## [PROBLEM REQUIREMENTS]
Return the whole of the data exactly.

## [RECORDS FOR THIS TASK]
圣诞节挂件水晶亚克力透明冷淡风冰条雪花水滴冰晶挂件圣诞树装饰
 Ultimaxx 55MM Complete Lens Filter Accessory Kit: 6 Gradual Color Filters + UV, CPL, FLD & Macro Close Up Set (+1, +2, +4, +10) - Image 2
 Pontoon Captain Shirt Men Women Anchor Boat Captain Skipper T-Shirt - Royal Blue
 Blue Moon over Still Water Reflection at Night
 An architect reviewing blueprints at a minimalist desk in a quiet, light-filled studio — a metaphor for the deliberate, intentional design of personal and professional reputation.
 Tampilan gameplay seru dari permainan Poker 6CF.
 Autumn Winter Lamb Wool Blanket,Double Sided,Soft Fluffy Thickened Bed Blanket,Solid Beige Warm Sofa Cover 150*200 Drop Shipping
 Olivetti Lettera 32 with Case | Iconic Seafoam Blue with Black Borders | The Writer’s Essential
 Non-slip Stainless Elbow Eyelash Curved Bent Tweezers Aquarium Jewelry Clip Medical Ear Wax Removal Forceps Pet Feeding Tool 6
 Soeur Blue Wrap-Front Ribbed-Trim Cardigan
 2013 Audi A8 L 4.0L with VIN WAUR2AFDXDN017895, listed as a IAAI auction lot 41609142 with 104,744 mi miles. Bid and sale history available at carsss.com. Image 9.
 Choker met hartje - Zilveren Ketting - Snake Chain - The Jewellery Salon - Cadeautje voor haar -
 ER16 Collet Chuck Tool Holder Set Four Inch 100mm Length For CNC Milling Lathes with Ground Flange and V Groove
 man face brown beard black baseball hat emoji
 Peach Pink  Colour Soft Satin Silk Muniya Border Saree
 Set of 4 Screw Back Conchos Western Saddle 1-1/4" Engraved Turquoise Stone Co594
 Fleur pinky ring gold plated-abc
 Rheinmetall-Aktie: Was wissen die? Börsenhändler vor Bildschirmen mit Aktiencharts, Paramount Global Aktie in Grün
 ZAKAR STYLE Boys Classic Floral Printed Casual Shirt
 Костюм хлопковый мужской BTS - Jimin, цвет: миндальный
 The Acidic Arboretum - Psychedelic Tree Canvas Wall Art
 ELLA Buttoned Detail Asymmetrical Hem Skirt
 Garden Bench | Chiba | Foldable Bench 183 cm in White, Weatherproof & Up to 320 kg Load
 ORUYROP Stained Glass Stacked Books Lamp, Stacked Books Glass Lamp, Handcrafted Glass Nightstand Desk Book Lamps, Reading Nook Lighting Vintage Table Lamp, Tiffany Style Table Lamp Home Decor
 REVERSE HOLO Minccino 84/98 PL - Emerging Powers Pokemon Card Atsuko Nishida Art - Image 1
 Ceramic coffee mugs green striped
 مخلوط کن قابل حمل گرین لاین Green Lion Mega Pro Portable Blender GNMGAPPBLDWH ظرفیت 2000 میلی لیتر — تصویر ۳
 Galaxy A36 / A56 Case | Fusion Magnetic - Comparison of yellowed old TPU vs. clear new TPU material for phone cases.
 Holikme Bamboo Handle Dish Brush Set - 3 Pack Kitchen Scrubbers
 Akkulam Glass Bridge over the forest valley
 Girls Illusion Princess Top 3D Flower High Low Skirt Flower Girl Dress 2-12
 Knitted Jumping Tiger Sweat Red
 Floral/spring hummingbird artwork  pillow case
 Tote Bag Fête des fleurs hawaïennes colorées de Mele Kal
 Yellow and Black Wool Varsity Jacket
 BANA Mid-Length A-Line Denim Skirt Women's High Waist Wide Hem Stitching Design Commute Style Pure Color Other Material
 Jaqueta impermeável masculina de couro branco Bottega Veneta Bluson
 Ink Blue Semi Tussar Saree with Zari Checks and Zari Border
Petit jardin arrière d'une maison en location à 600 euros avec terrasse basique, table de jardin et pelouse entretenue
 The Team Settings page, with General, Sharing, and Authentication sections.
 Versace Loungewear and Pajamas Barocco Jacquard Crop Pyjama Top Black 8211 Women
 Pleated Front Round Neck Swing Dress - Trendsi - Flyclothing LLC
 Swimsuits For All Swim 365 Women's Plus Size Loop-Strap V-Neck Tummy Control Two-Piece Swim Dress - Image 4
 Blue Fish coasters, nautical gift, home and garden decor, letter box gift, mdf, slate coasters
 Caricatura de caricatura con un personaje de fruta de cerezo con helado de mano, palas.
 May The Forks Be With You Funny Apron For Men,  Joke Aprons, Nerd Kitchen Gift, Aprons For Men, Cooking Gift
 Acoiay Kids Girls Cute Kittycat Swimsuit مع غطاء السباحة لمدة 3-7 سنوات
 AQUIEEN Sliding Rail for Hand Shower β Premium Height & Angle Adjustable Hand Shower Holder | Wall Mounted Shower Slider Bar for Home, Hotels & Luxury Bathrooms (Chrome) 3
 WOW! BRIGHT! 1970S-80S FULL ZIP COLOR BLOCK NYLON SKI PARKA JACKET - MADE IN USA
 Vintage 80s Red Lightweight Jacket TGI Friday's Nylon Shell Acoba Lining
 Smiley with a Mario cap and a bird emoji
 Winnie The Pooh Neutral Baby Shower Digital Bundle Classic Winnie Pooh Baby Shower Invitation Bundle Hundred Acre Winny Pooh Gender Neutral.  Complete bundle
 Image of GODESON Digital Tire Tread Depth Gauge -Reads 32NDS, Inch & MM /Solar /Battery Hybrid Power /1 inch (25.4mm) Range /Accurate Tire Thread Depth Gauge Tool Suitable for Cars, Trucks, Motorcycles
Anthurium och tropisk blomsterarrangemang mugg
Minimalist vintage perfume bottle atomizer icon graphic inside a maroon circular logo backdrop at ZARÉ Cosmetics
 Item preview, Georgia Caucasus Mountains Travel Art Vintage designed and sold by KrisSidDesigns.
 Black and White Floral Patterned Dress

## [ANSWER BOX]
圣诞节挂件水晶亚克力透明冷淡风冰条雪花水滴冰晶挂件圣诞树装饰
 Ultimaxx 55MM Complete Lens Filter Accessory Kit: 6 Gradual Color Filters + UV, CPL, FLD & Macro Close Up Set (+1, +2, +4, +10) - Image 2
 Pontoon Captain Shirt Men Women Anchor Boat Captain Skipper T-Shirt - Royal Blue
 Blue Moon over Still Water Reflection at Night
 An architect reviewing blueprints at a minimalist desk in a quiet, light-filled studio — a metaphor for the deliberate, intentional design of personal and professional reputation.
 Tampilan gameplay seru dari permainan Poker 6CF.
 Autumn Winter Lamb Wool Blanket,Double Sided,Soft Fluffy Thickened Bed Blanket,Solid Beige Warm Sofa Cover 150*200 Drop Shipping
 Olivetti Lettera 32 with Case | Iconic Seafoam Blue with Black Borders | The Writer’s Essential
 Non-slip Stainless Elbow Eyelash Curved Bent Tweezers Aquarium Jewelry Clip Medical Ear Wax Removal Forceps Pet Feeding Tool 6
 Soeur Blue Wrap-Front Ribbed-Trim Cardigan
 2013 Audi A8 L 4.0L with VIN WAUR2AFDXDN017895, listed as a IAAI auction lot 41609142 with 104,744 mi miles. Bid and sale history available at carsss.com. Image 9.
 Choker met hartje - Zilveren Ketting - Snake Chain - The Jewellery Salon - Cadeautje voor haar -
 ER16 Collet Chuck Tool Holder Set Four Inch 100mm Length For CNC Milling Lathes with Ground Flange and V Groove
 man face brown beard black baseball hat emoji
 Peach Pink  Colour Soft Satin Silk Muniya Border Saree
 Set of 4 Screw Back Conchos Western Saddle 1-1/4" Engraved Turquoise Stone Co594
 Fleur pinky ring gold plated-abc
 Rheinmetall-Aktie: Was wissen die? Börsenhändler vor Bildschirmen mit Aktiencharts, Paramount Global Aktie in Grün
 ZAKAR STYLE Boys Classic Floral Printed Casual Shirt
 Костюм хлопковый мужской BTS - Jimin, цвет: миндальный
 The Acidic Arboretum - Psychedelic Tree Canvas Wall Art
 ELLA Buttoned Detail Asymmetrical Hem Skirt
 Garden Bench | Chiba | Foldable Bench 183 cm in White, Weatherproof & Up to 320 kg Load
 ORUYROP Stained Glass Stacked Books Lamp, Stacked Books Glass Lamp, Handcrafted Glass Nightstand Desk Book Lamps, Reading Nook Lighting Vintage Table Lamp, Tiffany Style Table Lamp Home Decor
 REVERSE HOLO Minccino 84/98 PL - Emerging Powers Pokemon Card Atsuko Nishida Art - Image 1
 Ceramic coffee mugs green striped
 مخلوط کن قابل حمل گرین لاین Green Lion Mega Pro Portable Blender GNMGAPPBLDWH ظرفیت 2000 میلی لیتر — تصویر ۳
 Galaxy A36 / A56 Case | Fusion Magnetic - Comparison of yellowed old TPU vs. clear new TPU material for phone cases.
 Holikme Bamboo Handle Dish Brush Set - 3 Pack Kitchen Scrubbers
 Akkulam Glass Bridge over the forest valley
 Girls Illusion Princess Top 3D Flower High Low Skirt Flower Girl Dress 2-12
 Knitted Jumping Tiger Sweat Red
 Floral/spring hummingbird artwork  pillow case
 Tote Bag Fête des fleurs hawaïennes colorées de Mele Kal
 Yellow and Black Wool Varsity Jacket
 BANA Mid-Length A-Line Denim Skirt Women's High Waist Wide Hem Stitching Design Commute Style Pure Color Other Material
 Jaqueta impermeável masculina de couro branco Bottega Veneta Bluson
 Ink Blue Semi Tussar Saree with Zari Checks and Zari Border
Petit jardin arrière d'une maison en location à 600 euros avec terrasse basique, table de jardin et pelouse entretenue
 The Team Settings page, with General, Sharing, and Authentication sections.
 Versace Loungewear and Pajamas Barocco Jacquard Crop Pyjama Top Black 8211 Women
 Pleated Front Round Neck Swing Dress - Trendsi - Flyclothing LLC
 Swimsuits For All Swim 365 Women's Plus Size Loop-Strap V-Neck Tummy Control Two-Piece Swim Dress - Image 4
 Blue Fish coasters, nautical gift, home and garden decor, letter box gift, mdf, slate coasters
 Caricatura de caricatura con un personaje de fruta de cerezo con helado de mano, palas.
 May The Forks Be With You Funny Apron For Men,  Joke Aprons, Nerd Kitchen Gift, Aprons For Men, Cooking Gift
 Acoiay Kids Girls Cute Kittycat Swimsuit مع غطاء السباحة لمدة 3-7 سنوات
 AQUIEEN Sliding Rail for Hand Shower β Premium Height & Angle Adjustable Hand Shower Holder | Wall Mounted Shower Slider Bar for Home, Hotels & Luxury Bathrooms (Chrome) 3
 WOW! BRIGHT! 1970S-80S FULL ZIP COLOR BLOCK NYLON SKI PARKA JACKET - MADE IN USA
 Vintage 80s Red Lightweight Jacket TGI Friday's Nylon Shell Acoba Lining
 Smiley with a Mario cap and a bird emoji
 Winnie The Pooh Neutral Baby Shower Digital Bundle Classic Winnie Pooh Baby Shower Invitation Bundle Hundred Acre Winny Pooh Gender Neutral.  Complete bundle
 Image of GODESON Digital Tire Tread Depth Gauge -Reads 32NDS, Inch & MM /Solar /Battery Hybrid Power /1 inch (25.4mm) Range /Accurate Tire Thread Depth Gauge Tool Suitable for Cars, Trucks, Motorcycles
Anthurium och tropisk blomsterarrangemang mugg
Minimalist vintage perfume bottle atomizer icon graphic inside a maroon circular logo backdrop at ZARÉ Cosmetics
 Item preview, Georgia Caucasus Mountains Travel Art Vintage designed and sold by KrisSidDesigns.
 Black and White Floral Patterned Dress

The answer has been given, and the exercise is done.